Christian Megert - Studienreisen durch Europa, erste Ausstellung in Bern

Christian Megert wurde am 6. Januar 1936 in Bern geboren. Die Schweiz war zu dieser Zeit kein ganz einfaches Pflaster für Künstler; bis hinein in die 1970er-Jahre galt dort die Kunst nicht als vollwertiger Beruf. Folgerichtig studierte Christian Megert zunächst Hochbautechnik und wurde diplomierter Maurer. Dem Ruf der Kunst konnte er sich aber nicht lange entziehen und entschied sich schließlich für ein Studium an der Kunstgewerbeschule in Bern, das von 1952 bis 1955 dauerte. Im Anschluss reiste er von 1956 bis 1960 durch Europa, besuchte die Kunstgewerbeschulen in Berlin, Stockholm und Paris, wo er zahlreiche Anregungen und Inspirationen sammelte. Ebenfalls 1956 durfte Megert seine erste Ausstellung in Bern durchführen; der Künstler präsentierte monochrome Strukturbilder und Plastiken aus Eisen und Kunstharz. 1960 schließlich fand Christian Megert zu dem Stoff, aus dem er von da an den Großteil seiner (Kunst-)Träume weben sollte: Glas und Spiegel.

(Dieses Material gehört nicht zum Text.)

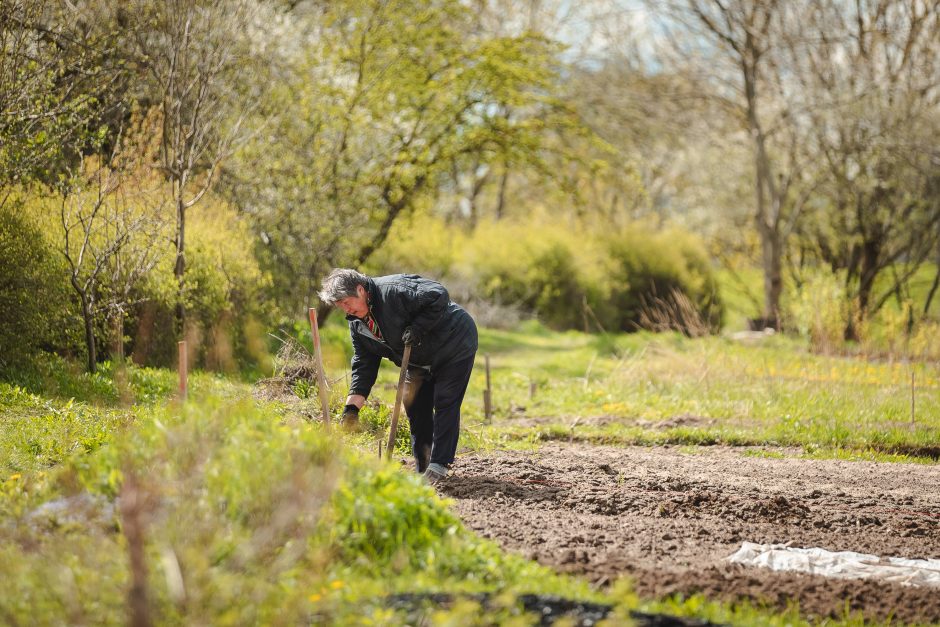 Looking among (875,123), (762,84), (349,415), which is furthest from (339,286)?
(762,84)

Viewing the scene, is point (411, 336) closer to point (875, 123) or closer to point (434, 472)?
point (434, 472)

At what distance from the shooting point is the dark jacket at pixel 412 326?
5.66 meters

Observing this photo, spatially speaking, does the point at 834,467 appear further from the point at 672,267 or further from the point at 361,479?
the point at 672,267

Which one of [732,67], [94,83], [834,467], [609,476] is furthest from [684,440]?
[732,67]

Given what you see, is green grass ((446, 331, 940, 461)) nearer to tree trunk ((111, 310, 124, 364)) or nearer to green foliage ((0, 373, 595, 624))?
green foliage ((0, 373, 595, 624))

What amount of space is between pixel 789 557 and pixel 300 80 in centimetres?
1181

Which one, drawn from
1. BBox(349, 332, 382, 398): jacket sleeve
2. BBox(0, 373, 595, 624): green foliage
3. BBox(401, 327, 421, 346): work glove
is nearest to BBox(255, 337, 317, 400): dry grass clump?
BBox(349, 332, 382, 398): jacket sleeve

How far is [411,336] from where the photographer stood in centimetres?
560

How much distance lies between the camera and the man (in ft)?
18.4

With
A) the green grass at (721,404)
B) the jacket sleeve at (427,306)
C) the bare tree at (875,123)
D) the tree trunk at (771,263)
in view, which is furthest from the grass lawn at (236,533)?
the bare tree at (875,123)

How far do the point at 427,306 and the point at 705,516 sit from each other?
2.08 metres

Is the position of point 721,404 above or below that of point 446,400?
below

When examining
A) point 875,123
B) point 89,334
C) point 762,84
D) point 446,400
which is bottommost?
point 446,400

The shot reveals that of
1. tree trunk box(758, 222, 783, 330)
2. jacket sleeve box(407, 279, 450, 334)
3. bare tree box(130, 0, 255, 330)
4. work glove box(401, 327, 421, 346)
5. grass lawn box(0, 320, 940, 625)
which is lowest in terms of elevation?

Die Suche nach dem Raum ohne Grenzen

Seinem Traumstoff widmete Christian Megert 1961 ein eigenes Glaubensbekenntnis, sein Spiegelmanifest: Er wolle einen Raum schaffen, sagte der Künstler, einen neuen Raum, ohne Anfang und Ende, einen Raum des Lebens, in dem alles lebt und zum Leben aufgefordert wird, einen Raum der Gegensätze, der gleichzeitig ruhig ist und laut, sich ständig bewegt und doch still verharrt. Seit 1962 organisierte Megert Ausstellungen mit der Künstlergruppe ZERO, deren Mitglieder er bereits 1960 kennengelernt hatte. 1968 nahm Christian Megert an der documenta IV in Kassel teil; sein Beitrag: ein ganzer Spiegelraum. Das Zusammenspiel von verspiegelter Decke und verspiegeltem Boden schuf die Illusion des von Megert gewünschten neuen Raums ohne Grenzen und faszinierte die Besucher. Dabei ging es dem Künstler nie um Fantasieobjekte oder das Schaffen alternativer Realitäten und Fluchträume, sein Ziel war und ist der tatsächliche Raum, den er mittels seiner Installationen interpretieren und neu ins Bild setzen möchte. Er sei ganz und gar unromantisch, gestand Megert einmal.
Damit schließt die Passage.